Bhashkor Banerjee’s (Amitabh Bachchan’s) repeated reference to being a Bengali in Piku and Rana Chaudhary (Irrfan Khan) being asked if he was a Bengali ‘Chaudhury’ captured this aspect of the perceived superiority of the Bengali bhadralok accurately. And while I loved Shoojit Sircar’s frames that captured the upper middle class life aptly, be it C R Park in Delhi or in north Kolkata, what also struck me was how Piku justified India’s deep-rooted classism through it’s characters and dialogues.
“He is the owner Baba,” Deepika introducing Irrfan Khan to Amitabh Bachchan as the owner of a cab-renting agency and not a taxi driver himself, seemed like a justification for Deepika who plays an educated architect, to fall in love with Irrfan. I’ve lost count of the number of times the viewers are told in one way or the other that Irrfan Khan was not just a taxi driver but an educated guy who lost his engineering job abroad and now runs a taxi service. What was the director scared of?
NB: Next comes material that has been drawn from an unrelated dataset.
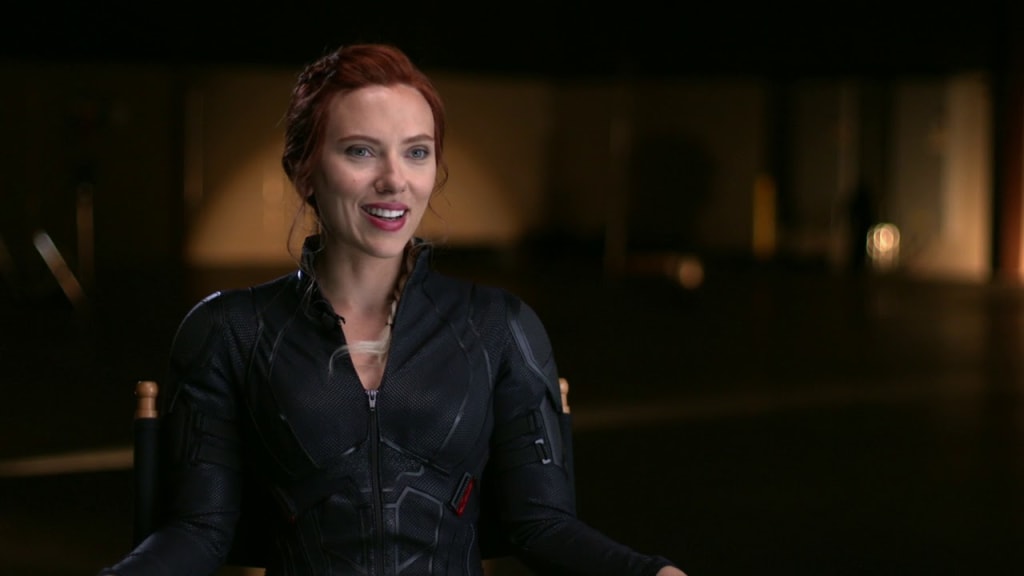 Performing Persona: Black Widow and Hawkeye Performing Persona: Black Widow and Hawkeye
There is more than one instance when the bhadralokness of Bhashkor meanders from being a sophisticated Bengali to a classist Bengali in Piku. The way he shouts at his domestic help when she complains about his intrusive behaviour to Deepika or how he makes his caretaker, Budhan from a West Bengal village do everything for him – even cleaning and sanitizing his portable shit pot. And well, if this can be overlooked as nursing and caring for the elderly, Sircar gives a classist shade to his younger characters as well. The Chaudhary taxi agency owner (Irrfan) refuses to drive when the Banerjees’ domestic help Budhan sits next to him on the passenger seat. He also pleads with Piku (Deepika Padukone) to let him sleep in the hotel room with her and his father as there isn’t any other room available. His argument being – “I’m not a driver and can’t sleep in the car. I’m the owner.” Yes Shoojit, we get the point that Irrfan is the owner but even if he wasn’t would it really matter to the story or the viewer?
Otherwise a bold film, appreciated by many for openly talking about a woman’s choices in life and her sexual needs, Piku according to me plays extremely safe when it comes to challenging the classist undertones in our society.
Films draw from real life and perhaps Piku has successfully reflected the existing post-colonial hang-ups of bhadrolok, sahib and memsahib culture. But instead of a critical representation, it has embraced them.